=== Your assignment ===
Each record below should be returned word for word, with no pictures included.

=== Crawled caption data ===
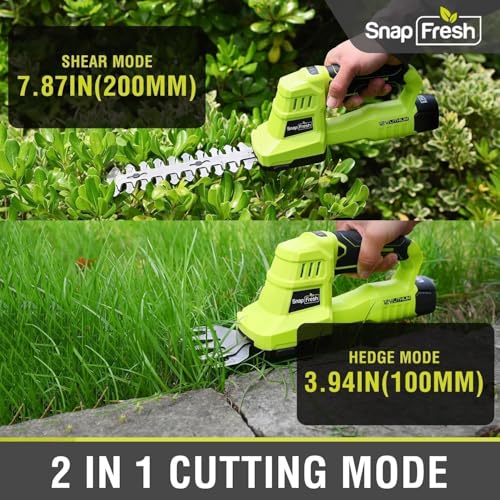 SnapFresh 12V Cordless Grass Shears & Hedge Trimmer, 2 in 1 Handheld Bush Trimmer & Grass Cutter with 2.0Ah Battery & Charger Included, Lightweight Electric Shrubbery Trimmer for Garden & Lawn - color: Olive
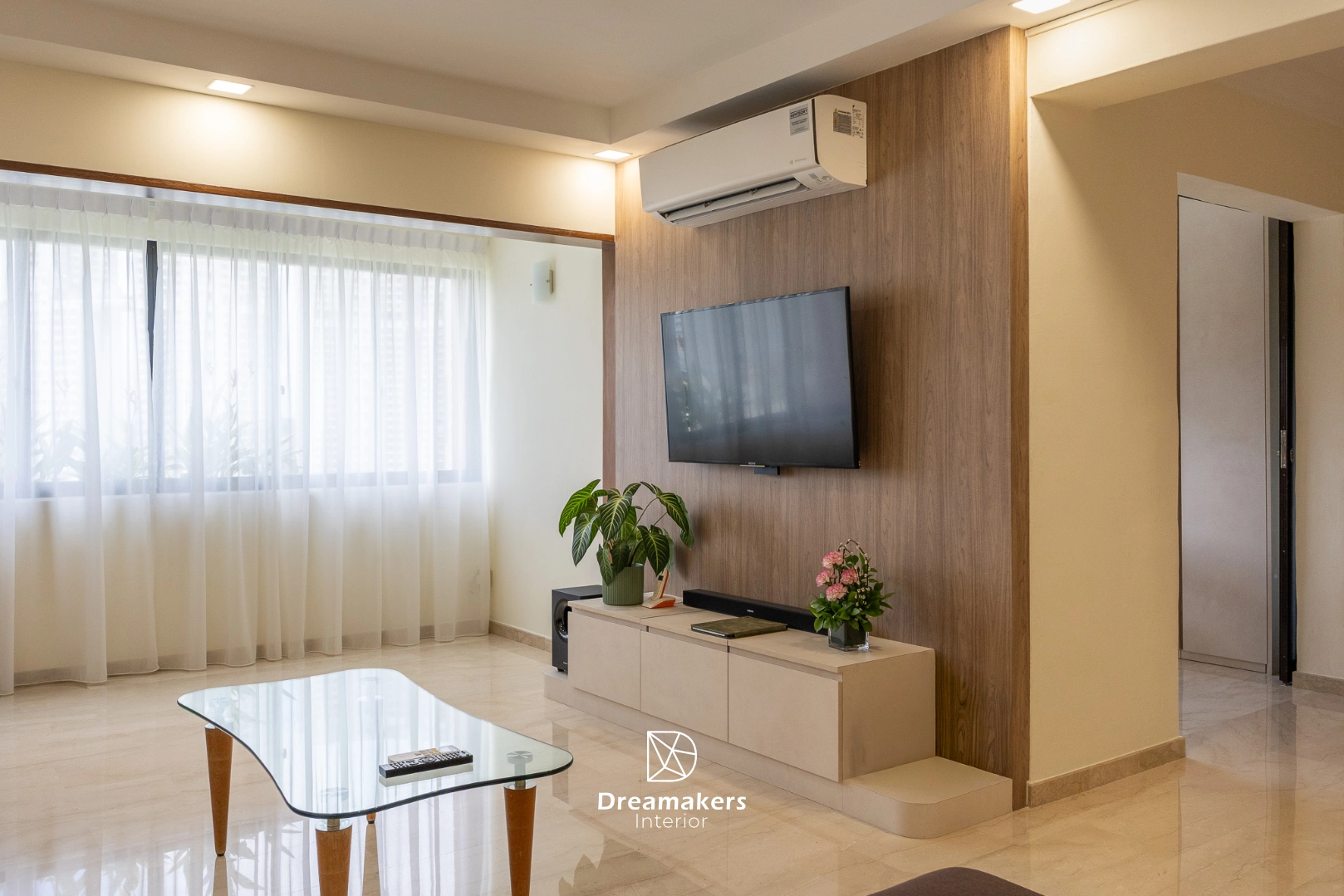 Living room with built-in storage and warm wood tones, Mei Ling Street resale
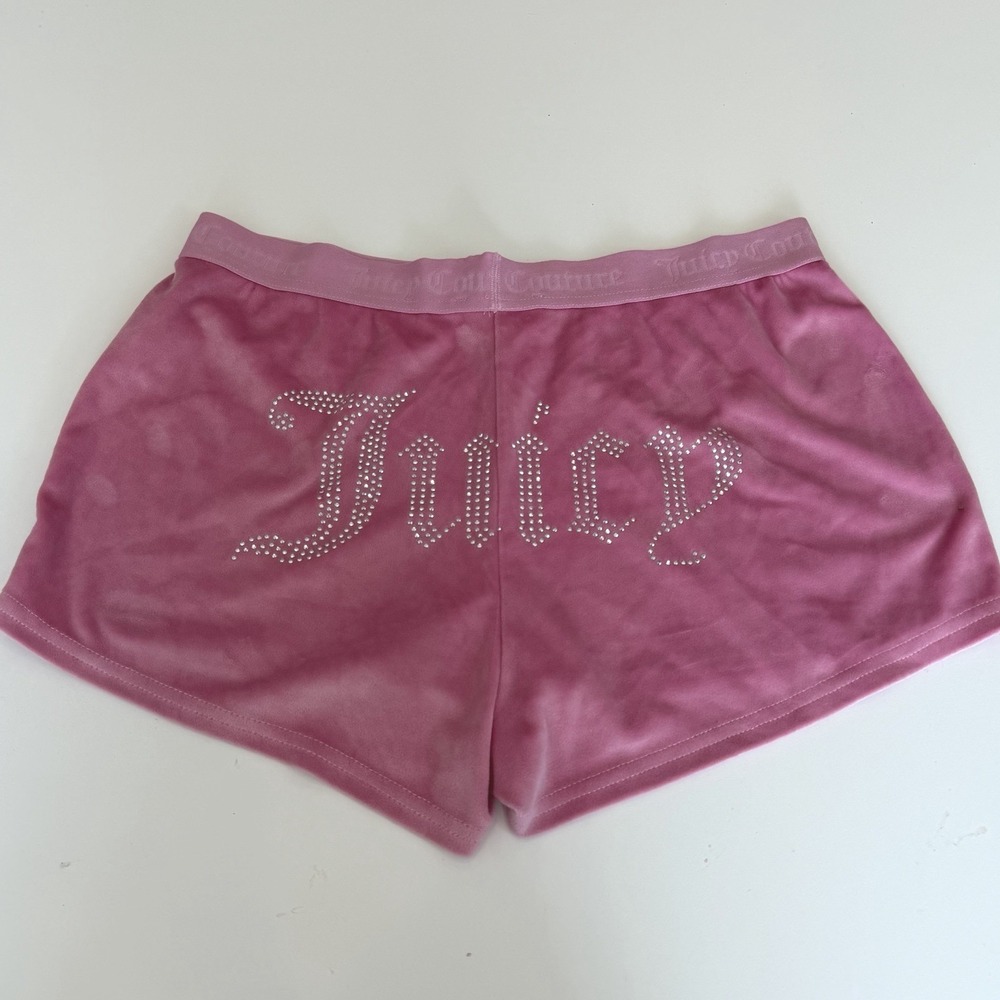 Juicy Couture‎ Pink Rhinestone Sleep shorts Sz M Booty Shorts Velour Soft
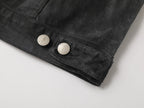 Suede Washed Distressed Jacket, Dirty Creased Denim Outerwear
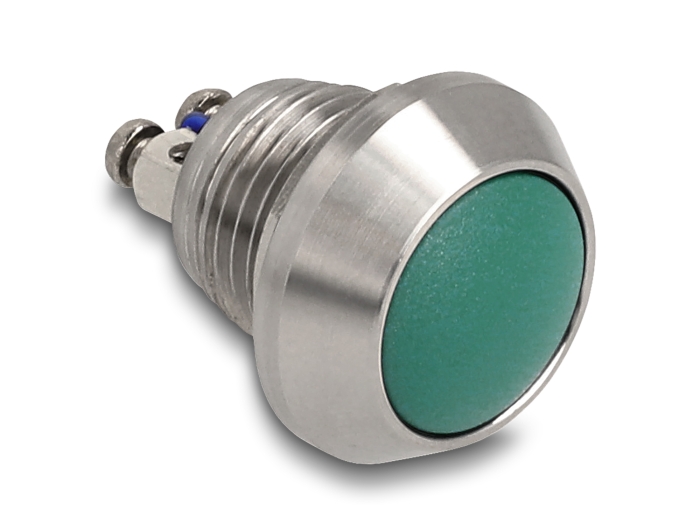 Delock Drucktaster zum Einbau 12 mm 2 x Schraubklemme grün #1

=== Response to the exercise ===
 SnapFresh 12V Cordless Grass Shears & Hedge Trimmer, 2 in 1 Handheld Bush Trimmer & Grass Cutter with 2.0Ah Battery & Charger Included, Lightweight Electric Shrubbery Trimmer for Garden & Lawn - color: Olive
 Living room with built-in storage and warm wood tones, Mei Ling Street resale
 Juicy Couture‎ Pink Rhinestone Sleep shorts Sz M Booty Shorts Velour Soft
 Suede Washed Distressed Jacket, Dirty Creased Denim Outerwear
 Delock Drucktaster zum Einbau 12 mm 2 x Schraubklemme grün #1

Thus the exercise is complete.